In the past years I build some HF Transceivers. One project I found were the R1/R2 direct conversion receiver of Rick Campell, KK7B. It took me one or two years until I start to built it in 2006. However in a version of a 80/40m receiver by Dave Lyndon, AK4AA. My assembly correponds in majority to the circuit of Dave. The LO Mixer from 1.7MHz to NF however is the original R2 circuit of Rick. To cover additionally the 160m and 30m band I plan to add two switchable converters. In the current stage the receivers works on 80m and 40m. For more details see the pictures. The complete circuit is built in ugly construction style. From my point of view this is the fastest way to get satisfying results in an adequate (...and limited) time. I do not describe any circuit details as this is already done in the mentioned reports.

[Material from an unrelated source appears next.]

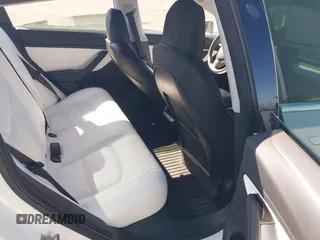 2019 Tesla Model 3 Long Range with VIN 5YJ3E1EBXKF413806, listed as a IAAI auction lot 41321906 with 24,635 mi miles. Bid and sale history available at carsss.com. Image 8.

The following links give you detailed views on the receiver...

Tuning Section
The VFO is tuned by 2 variable capacitors. The left one is for coarse tuning the right one for fine. Below the RX frequency display is the band switch.

LO Mixer and LF Unit
When I start with the receiver I built first the LF amplifier and the LO mixer. The assembly stage on the picture represent the R1 of Rick Campell, KK7B. The inductors I used are not the TOKOs described in Rick's publication. The L's used are 10% tolerance inductors found at at Reichelt Elektronik. This is my main source for standard electronic items.

LO Mixer with Diplexer
This is a detailed view on the LO mixer with the following Diplexer.

LF Filter and Amplifier 1
LF Filter and Amplifier 2
The LF finals are a complementary pair of BD240C/BD239C transistors. The LF Preamplifier LM387 is an obsolete device. I checked some dealers and made a note in a ham forum. In fact, I still got one last item which was on stock at a small electronic shop...

Complete 1.7Mhz LO Unit
The 1.7MHz Unit with the additional Mixer/Diplexer. The phase shifting network is not assembled. In this stage I check each Mixer/Diplexer with a 1.7Mhz input Signal. The 1,7MHz IF amplifier and the 1.7MHz BFO are assembled on the vertical board. The Pot on the picture bottom is for the HF gain adjustment.

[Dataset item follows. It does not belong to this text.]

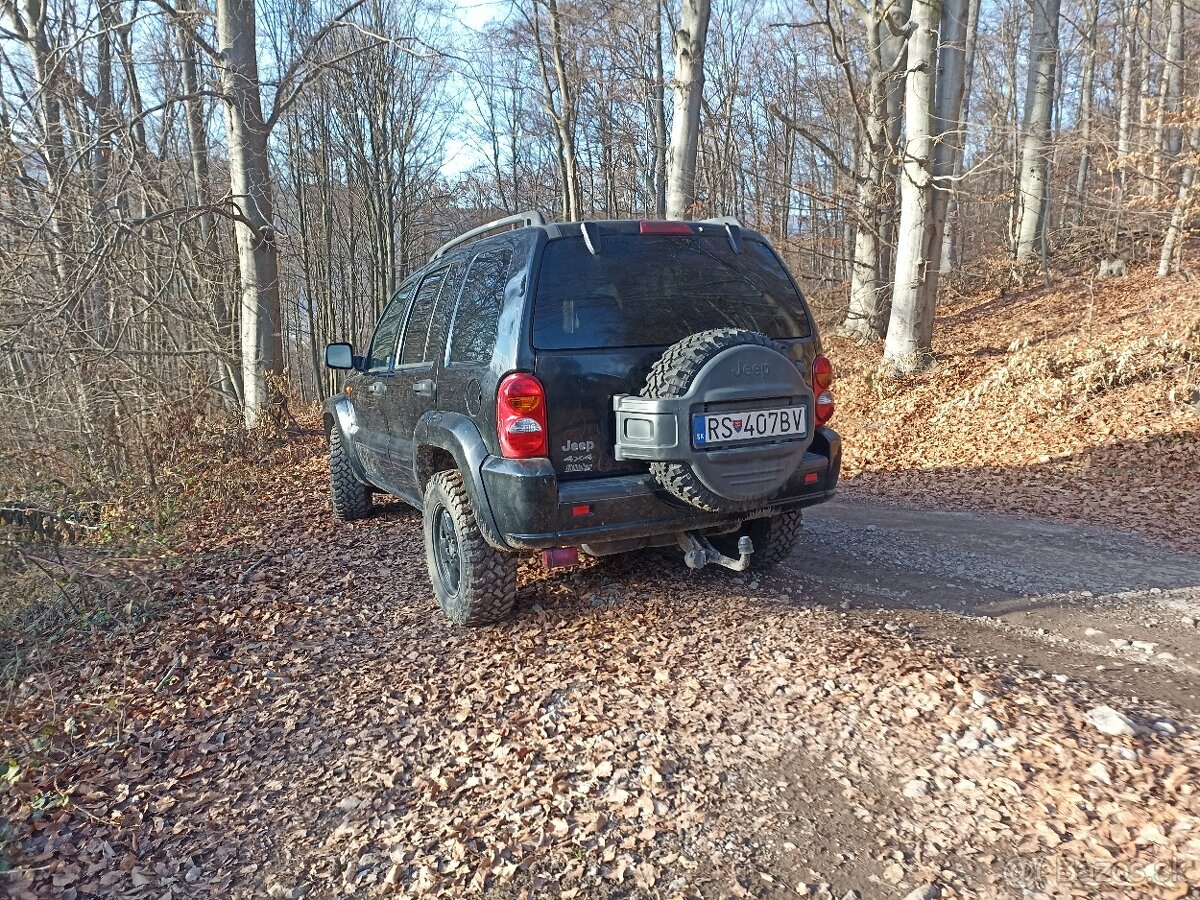 Jeep cherokee kj 2,5 CRD 4x4 - 15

1.7Mhz LO and IF Amplifier
The IF amplifier is on the right the LO left. The LO is tuned by a small air variable VHF cap with a 1:3 gear which I have disassembled from an old radio years ago...

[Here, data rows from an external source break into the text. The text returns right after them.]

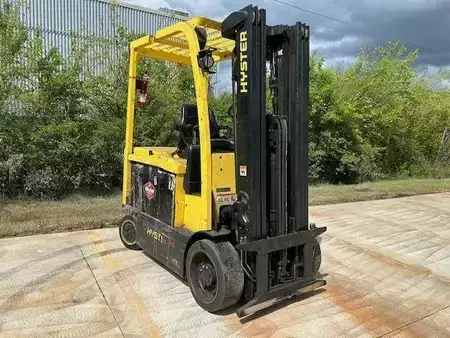 Montacargas Eléctrico (4 ruedas) - Hyster E65XN-40 (1)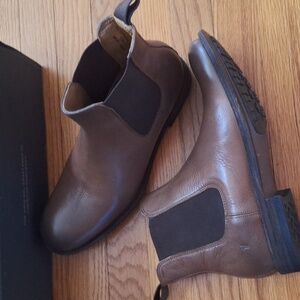 NWT Frey Leather Chelsea Boots Size 9.5 D
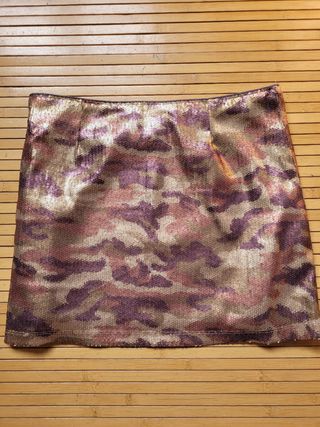 Mini falda Pull Bear caqui-dorada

Phase Shifter Board, blank
For the phase shifting network which performs the sideband supression I used a copper coated board. For interconnections I used glued copper coated board pieces on the mainboard. The separations were made with a sharp carpet knife. The distances are made according to the opamp DIP packages.

Phase Shifter Board, assembled
I used standard resistors which I have in my shack instead of the metal film precision devices recommended. It is also possible to reach the defined values with its tolerances by parallel/seriell connections of appropriate resistor values and measure it with an OHM-Meter before assembly. This needs some time but at the end of the day it works great for me.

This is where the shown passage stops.